The flip side of the theatrical coin is also currently at TPAC, at the Polk Theater, where Tennessee Repertory Theatre has opened its new season with Beth Henley’s Crimes of the Heart. This was a pretty big play in the ’80s, and the film version was widely viewed and praised; oddly enough, it was even thought of as fairly daring. There are still color and humor in the characters of the three Magrath sisters, though a revisitation of their trials and infighting reveals less textual bite and, in this production anyway, less palpable interpersonal tension.

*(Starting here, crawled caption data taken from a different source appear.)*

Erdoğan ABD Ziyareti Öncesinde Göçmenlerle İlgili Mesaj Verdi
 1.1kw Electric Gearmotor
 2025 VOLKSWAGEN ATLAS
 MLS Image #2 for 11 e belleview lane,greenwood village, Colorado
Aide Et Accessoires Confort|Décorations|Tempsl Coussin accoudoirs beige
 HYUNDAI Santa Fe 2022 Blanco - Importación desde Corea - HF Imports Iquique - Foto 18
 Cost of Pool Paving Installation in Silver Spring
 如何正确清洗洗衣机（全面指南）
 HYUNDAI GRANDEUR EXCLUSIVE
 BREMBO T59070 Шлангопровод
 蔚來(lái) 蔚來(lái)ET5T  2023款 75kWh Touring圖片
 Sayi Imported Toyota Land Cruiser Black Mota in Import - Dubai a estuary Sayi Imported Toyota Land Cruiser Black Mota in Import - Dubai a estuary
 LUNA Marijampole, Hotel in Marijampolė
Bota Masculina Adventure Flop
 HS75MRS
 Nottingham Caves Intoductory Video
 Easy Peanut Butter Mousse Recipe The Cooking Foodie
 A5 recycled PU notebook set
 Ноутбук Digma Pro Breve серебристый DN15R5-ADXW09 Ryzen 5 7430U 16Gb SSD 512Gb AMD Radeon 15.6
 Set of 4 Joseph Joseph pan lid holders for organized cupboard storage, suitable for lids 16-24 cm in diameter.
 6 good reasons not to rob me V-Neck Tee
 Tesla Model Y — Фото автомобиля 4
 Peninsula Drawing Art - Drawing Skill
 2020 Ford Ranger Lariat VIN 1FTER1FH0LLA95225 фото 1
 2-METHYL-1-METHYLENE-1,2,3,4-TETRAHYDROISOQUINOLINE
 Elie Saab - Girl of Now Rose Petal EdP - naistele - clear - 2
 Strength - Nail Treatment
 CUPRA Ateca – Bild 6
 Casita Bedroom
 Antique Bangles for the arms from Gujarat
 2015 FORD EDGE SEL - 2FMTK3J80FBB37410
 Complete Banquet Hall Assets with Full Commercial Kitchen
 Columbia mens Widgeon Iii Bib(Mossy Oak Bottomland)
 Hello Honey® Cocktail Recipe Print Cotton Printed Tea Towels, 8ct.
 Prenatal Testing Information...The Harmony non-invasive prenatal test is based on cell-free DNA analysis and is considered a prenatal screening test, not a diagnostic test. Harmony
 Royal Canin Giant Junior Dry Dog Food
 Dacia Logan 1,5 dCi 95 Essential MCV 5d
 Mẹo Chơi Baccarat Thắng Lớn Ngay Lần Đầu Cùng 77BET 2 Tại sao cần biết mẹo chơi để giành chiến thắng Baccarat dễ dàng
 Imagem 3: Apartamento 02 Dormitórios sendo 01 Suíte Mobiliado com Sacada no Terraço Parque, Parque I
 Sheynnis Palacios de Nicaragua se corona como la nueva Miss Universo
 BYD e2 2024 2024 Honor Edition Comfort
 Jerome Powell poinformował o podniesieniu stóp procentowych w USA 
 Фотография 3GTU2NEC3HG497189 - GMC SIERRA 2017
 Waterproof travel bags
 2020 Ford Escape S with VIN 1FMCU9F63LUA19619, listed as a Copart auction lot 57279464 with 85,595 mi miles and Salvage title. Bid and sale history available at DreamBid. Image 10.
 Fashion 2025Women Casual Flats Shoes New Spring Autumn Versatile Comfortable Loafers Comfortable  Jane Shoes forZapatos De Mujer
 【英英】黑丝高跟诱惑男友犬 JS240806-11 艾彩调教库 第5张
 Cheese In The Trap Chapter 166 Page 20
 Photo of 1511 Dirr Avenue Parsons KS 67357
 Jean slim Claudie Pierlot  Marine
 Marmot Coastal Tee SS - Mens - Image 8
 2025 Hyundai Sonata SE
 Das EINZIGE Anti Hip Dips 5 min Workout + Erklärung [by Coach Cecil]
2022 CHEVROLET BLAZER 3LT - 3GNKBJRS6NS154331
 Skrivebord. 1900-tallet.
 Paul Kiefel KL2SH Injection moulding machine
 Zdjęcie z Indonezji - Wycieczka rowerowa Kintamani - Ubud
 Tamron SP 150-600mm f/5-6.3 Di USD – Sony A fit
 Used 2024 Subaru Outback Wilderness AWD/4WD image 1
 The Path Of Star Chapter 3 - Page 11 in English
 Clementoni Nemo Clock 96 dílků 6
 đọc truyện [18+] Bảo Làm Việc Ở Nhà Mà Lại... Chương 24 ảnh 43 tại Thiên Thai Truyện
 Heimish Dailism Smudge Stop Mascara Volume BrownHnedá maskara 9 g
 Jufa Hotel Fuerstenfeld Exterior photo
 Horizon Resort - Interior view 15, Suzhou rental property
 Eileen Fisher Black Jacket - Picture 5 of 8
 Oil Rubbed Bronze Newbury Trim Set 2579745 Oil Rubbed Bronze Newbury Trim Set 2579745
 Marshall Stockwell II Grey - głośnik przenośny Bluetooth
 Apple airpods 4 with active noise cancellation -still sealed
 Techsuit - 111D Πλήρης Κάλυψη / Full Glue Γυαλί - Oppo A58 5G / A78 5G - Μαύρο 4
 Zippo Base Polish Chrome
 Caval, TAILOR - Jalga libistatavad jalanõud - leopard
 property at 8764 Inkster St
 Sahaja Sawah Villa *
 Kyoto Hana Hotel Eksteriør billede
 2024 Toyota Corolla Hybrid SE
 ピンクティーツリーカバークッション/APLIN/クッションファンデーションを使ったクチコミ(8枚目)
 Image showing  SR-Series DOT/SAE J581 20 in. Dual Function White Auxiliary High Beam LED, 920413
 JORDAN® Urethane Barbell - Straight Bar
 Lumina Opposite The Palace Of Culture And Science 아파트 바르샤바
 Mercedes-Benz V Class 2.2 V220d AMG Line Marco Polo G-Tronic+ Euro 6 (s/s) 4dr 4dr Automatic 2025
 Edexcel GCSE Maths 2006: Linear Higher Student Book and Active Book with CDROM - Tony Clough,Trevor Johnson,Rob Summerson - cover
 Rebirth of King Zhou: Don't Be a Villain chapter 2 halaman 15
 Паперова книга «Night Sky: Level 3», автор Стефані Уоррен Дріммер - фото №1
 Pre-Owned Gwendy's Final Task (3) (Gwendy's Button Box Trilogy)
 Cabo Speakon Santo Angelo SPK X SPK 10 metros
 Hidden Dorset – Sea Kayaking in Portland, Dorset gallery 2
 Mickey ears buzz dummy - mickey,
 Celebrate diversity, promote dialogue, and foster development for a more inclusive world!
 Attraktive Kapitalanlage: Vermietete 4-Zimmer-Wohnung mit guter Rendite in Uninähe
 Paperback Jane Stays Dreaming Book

In fact, Crimes of the Heart seems to be on its way to becoming a staple of summer-stock and community-theater playhouses rather than a comedy-drama suitable for heavier regional venues. Its selection as a season opener by the Rep fits in well enough with the Mainstage’s subscriber-conscious appeal, to be followed hereafter by Dracula, God’s Man in Texas, The Diary of Anne Frank and Ain’t Misbehavin’. The Rep will allow more intellectually ambitious drama to flourish in its Off-Broadway Series, through the plays of David Mamet (A Life in the Theatre), Edward Albee (Who’s Afraid of Virginia Woolf?) and Michael Healey (The Drawer Boy).

The David Grapes-directed Crimes features a gifted, veteran cast and a striking, unsurprisingly well-crafted set by Gary C. Hoff. The whole thing looks and reads professional all the way, and for most of the evening the play engages with its tale of small-town Mississippi ladies. Denice Hicks as middle sister Meg projects a little more sexuality than we’re used to, which proves interesting if unexpected. The very demonstrative Nan Gurley is cast against type in the role of mousy eldest sister Lenny, and to her credit she finds a means to make her characterization work. Amy Tribbey, so excellent in last year’s Proof at the Rep, fares less well as troubled baby sister Babe; she tries to balance cutesiness with intensity, yet misses the mark on the requisite eccentricity. Brandon Boyd and Jeremy Childs are just fine in fairly undemanding roles as the men in the ladies’ lives. By dint of her natural talent and by virtue of her apt casting, Martha Wilkinson turns in the best performance as the sisters’ brazen, big-mouthed cousin, Chick Boyle. Poised, consistent and funny, she goes over the top just as her role is intended to be played.

Crimes of the Heart is commercially pitched professional theater presented at a high enough level to please its intended audience. That said, it’s only vaguely inspiring and, at three acts in length, risks staleness by the time the final curtain rings down.